## What the task asks
Since pictures are not part of the copy, please output only the lines from the one with "Single hydrangea GS-1450035" through the end of the data below, exactly as written.

[Short descriptive text snippets]
- - -

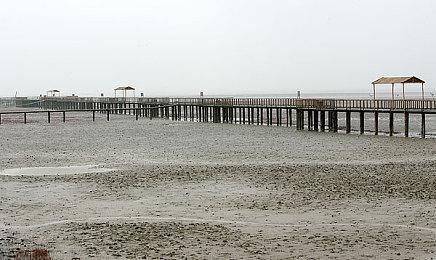 CDPR：不会染指不擅长的游戏 3A开放世界RPG将一直做下去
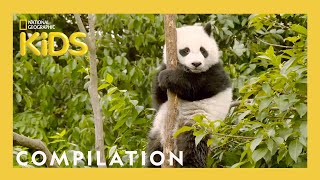 Learn About the 7 Continents! | Destination World | 20 Minutes | @natgeokids Compilation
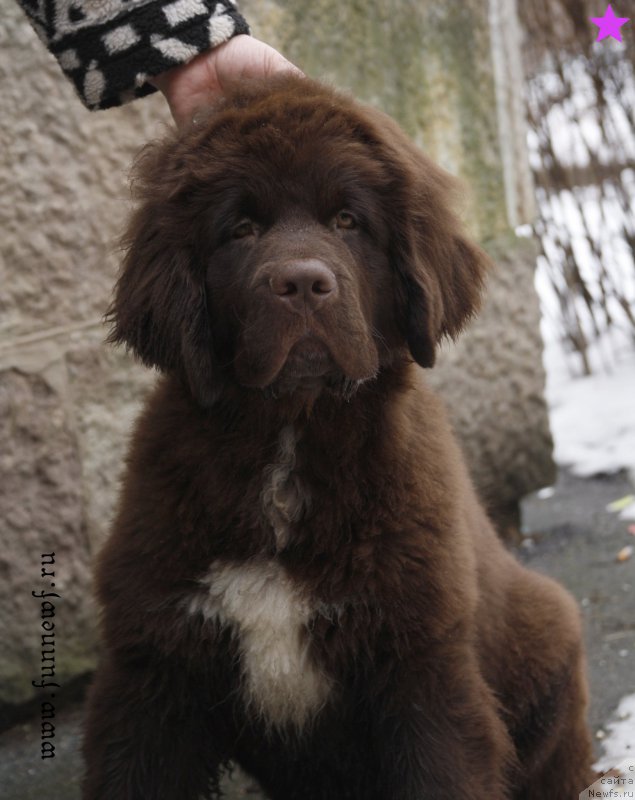 Фото: ньюфаундленд Funnewf Arktika (Фанньюф Арктика)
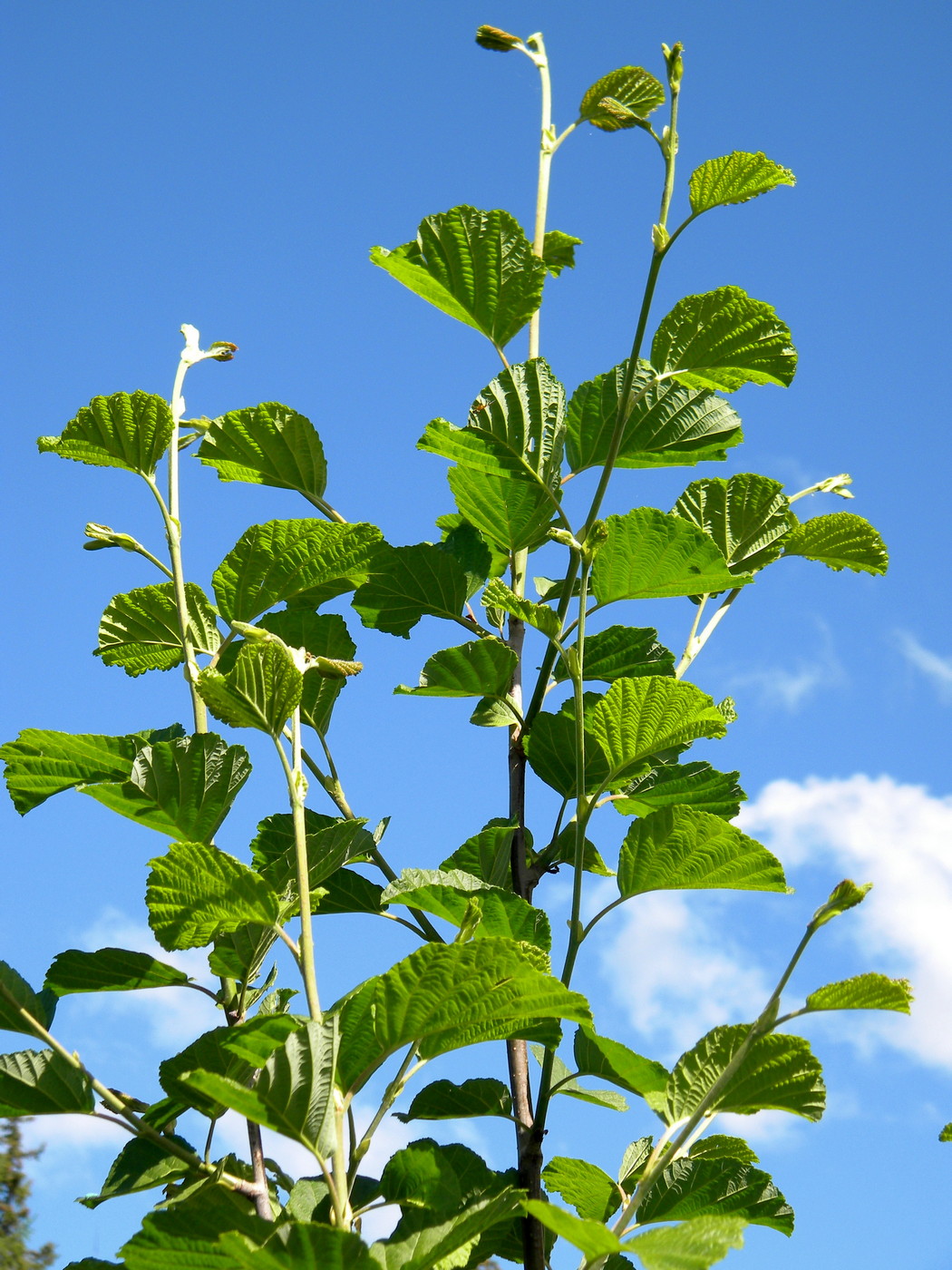 Изображение особи Alnus hirsuta.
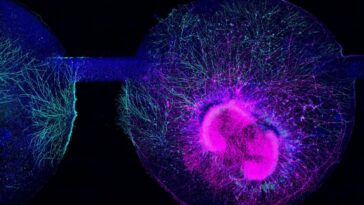 Human embryonic stem cell-derived brain organoids grown on an organ-on-chip system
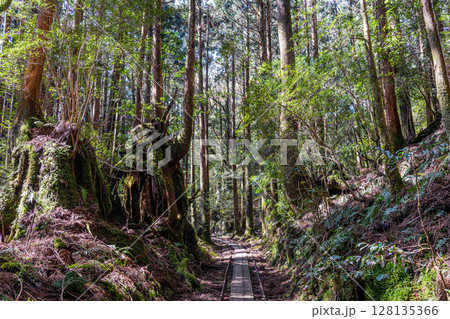 トロッコ線路と杉山 屋久島国立公園(春 トロッコ線路と杉山 屋久島国立公園(春 128135366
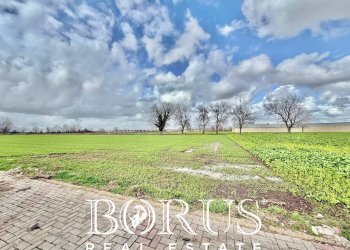 Foto 12 - Terreno edificabile SP22 KM 1.750, Marcianise - foto 12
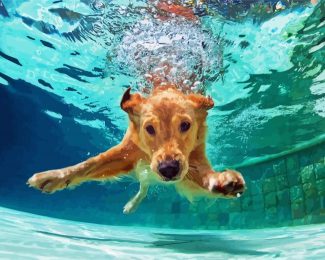 Beige Dogs In Pool Diamond Paintings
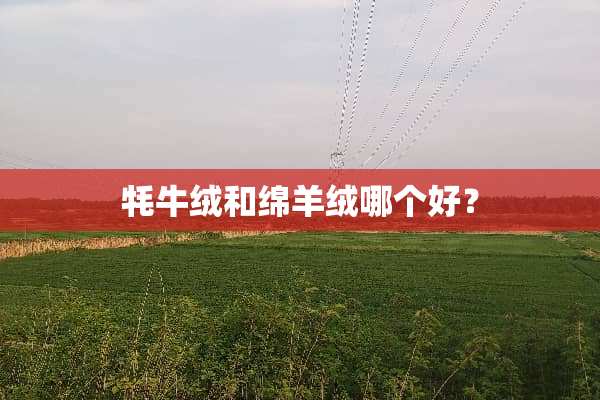牦牛绒和绵羊绒哪个好？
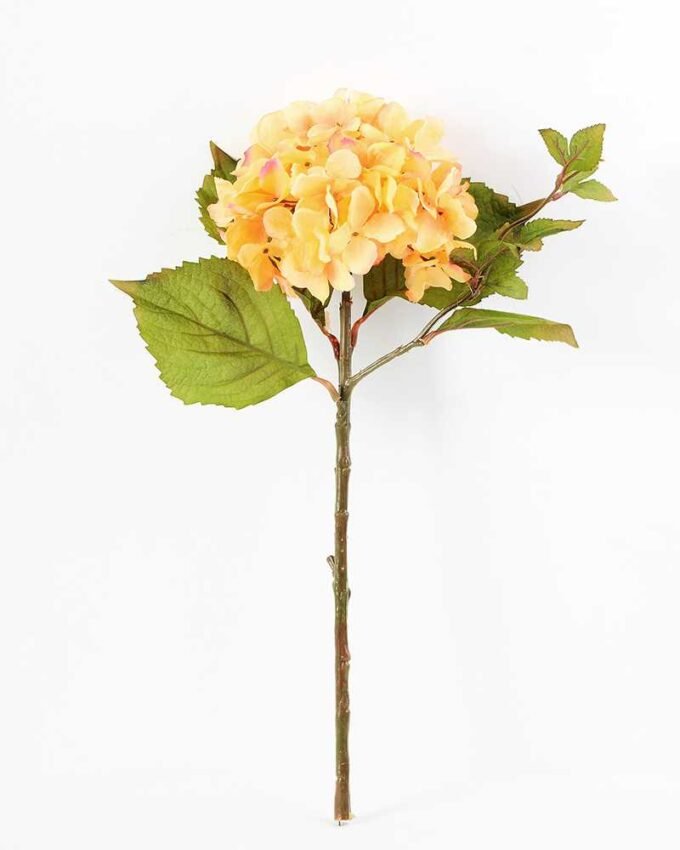 Single hydrangea GS-1450035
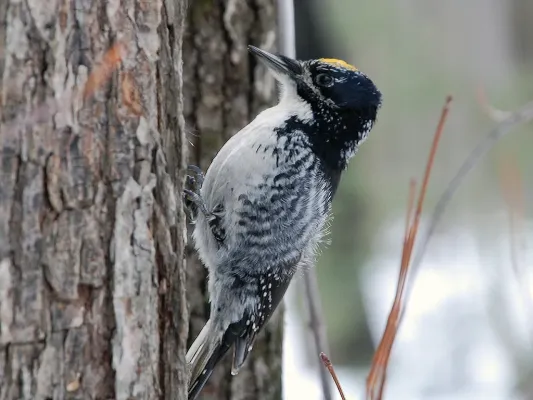 File:American Three-toed Woodpecker - Picoides dorsalis (Male).jpg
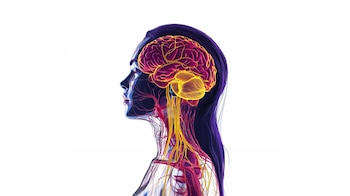 Ejercicios de respiración, tarareos, masajes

- - -

## Output for this exercise
 Single hydrangea GS-1450035
 File:American Three-toed Woodpecker - Picoides dorsalis (Male).jpg
 Ejercicios de respiración, tarareos, masajes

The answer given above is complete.